As referenced by both Dan Pink in “When,” and Cal Newport in “Deep Work,” the number hours a person can spend doing deep knowledge work deteriorates quite rapidly after somewhere between 6 and 7 in a given day.
In short, come in, focus, do quality work, and leave. Measuring hours worked can drive people to work more and deliver outcomes that can harm the organization.
4 - Evil Metrics: Productivity
Another nod to our good friend Jack Welch is our desire to measure productivity. When a line worker is assembling Tonka Trucks, it is useful to estimate how many Tonka Trucks are constructed by a given person in an assigned shift. This measure will help us with margin planning and sales forecasting. Additionally, I can assure the productivity measure by creating rewards for increasing productivity (carrots), and punishment (sticks) for missing quota.
When we attempt to apply similar models to disciplines like software engineering, a subject where less is usually more, incentives such as lines-of-code targets can create undesirable behaviors and unsatisfactory solutions.

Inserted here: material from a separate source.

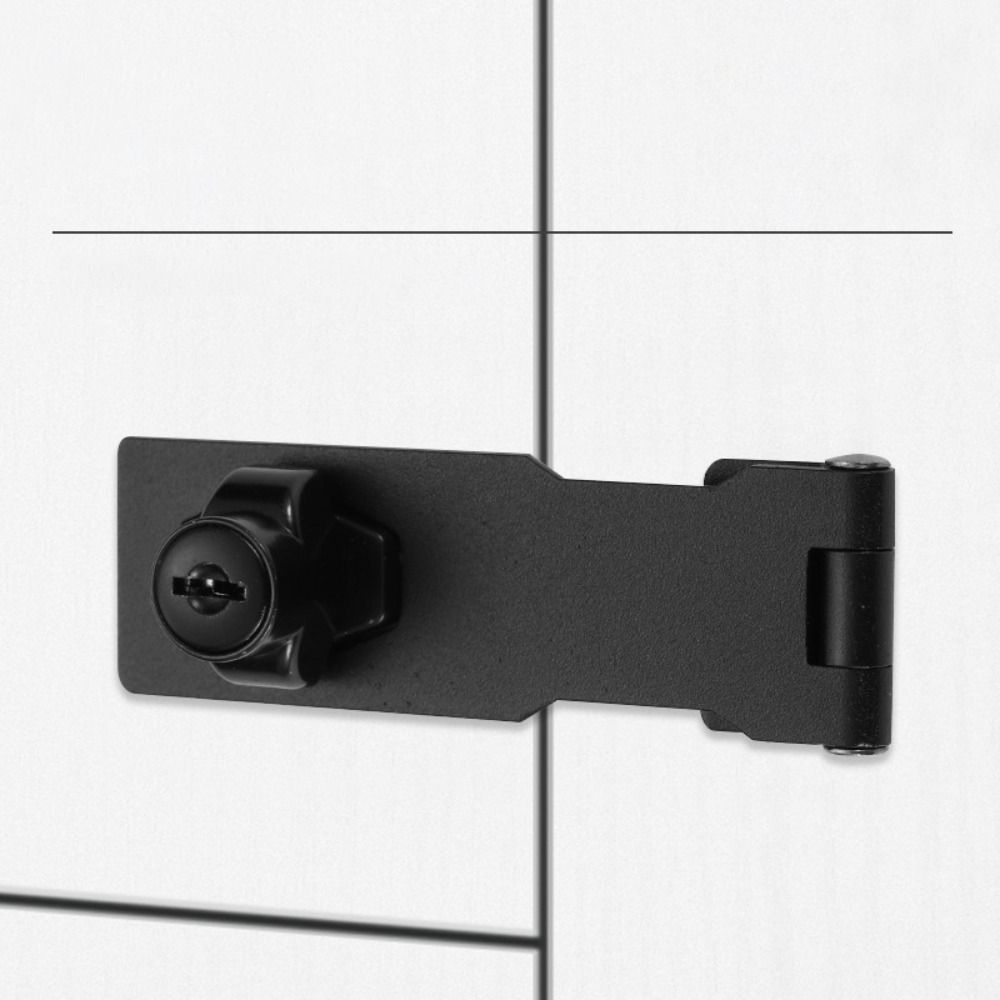 Anti-theft Security Furniture Locks No-punch Security Wooden Door Buckle  Mailbox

For example, if a programmer were to have a 500 line-of-code daily quota, but discovers a solution that can more efficiently solve a problem in 50 lines, it becomes a negative to solve the problem in the more efficient way.
Good metrics represent the measure of things that satisfy the customer and help the organization operate more efficiently. They are objective, data-driven, and help us make responsible decisions about how to manage the business.

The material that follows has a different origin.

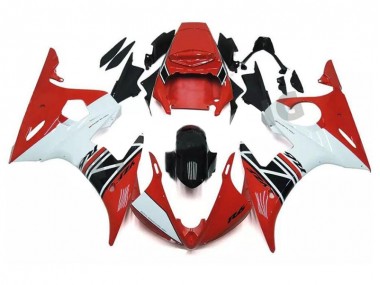 Rojo Blanco Negro ABS Kits Carenado Moto Yamaha R6 03-05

1 - Good Metrics: On-Time-Delivery
Another way to consider on-time-delivery is to view it as a reliability measure. Or, “how confident am I that a team will deliver on what they say they will.”
A great example of this is in the iteration goals set by many delivery teams:
“Over the next two weeks, we will deliver X, Y, and Z.”
Then, the iteration goals are contrasted against the iteration outcomes:
“Over the last two weeks, we delivered X and Y. We were unable to deliver Z because of …”
If a team is generally able to meet their commitments, many of the “evil” metrics noted above become irrelevant because we have trust that the team will do what they say they will.
2 - Good Metrics: Value Delivered (Customer Satisfaction)
There is only one boss. The customer. And he can fire everybody in the company from the chairman on down, just by spending his money somewhere else.
- Sam Walton
The bottom line is that if the customer is not happy, nothing else matters. Focus first on engaging customers to understand their needs, and then measure their satisfaction as you (iteratively) deliver the solution.
3 - Good Metrics: Net Promoter
In addition to satisfying the customer, it is essential also to create customers who will promote your product or service. Net Promoter, or NPS, is a measure of the likelihood of a customer to actively promote, actively detract, or remain neutral on your company’s product or service.
4 - Good Metrics: Employee Engagement
We understand that satisfying the customer is the number one objective, but also need to understand that it is impossible to satisfy the customer if those who are building the solution are not engaged in the mission. We need to focus on what is making our employees happy, what is causing them distress, and then fix those problems.
An organization that does not put their employees first will have employees who do not put the customer first.
5 - Good Metrics: Cumulative Flow
A cumulative flow diagram is a tool used in queuing theory. It is an area graph that shows the amount of work in a given state, arrival times, lead time, and cycle time. The diagram is used to help organizations understand the rate of flow in their organization, and to uncover bottlenecks in the system.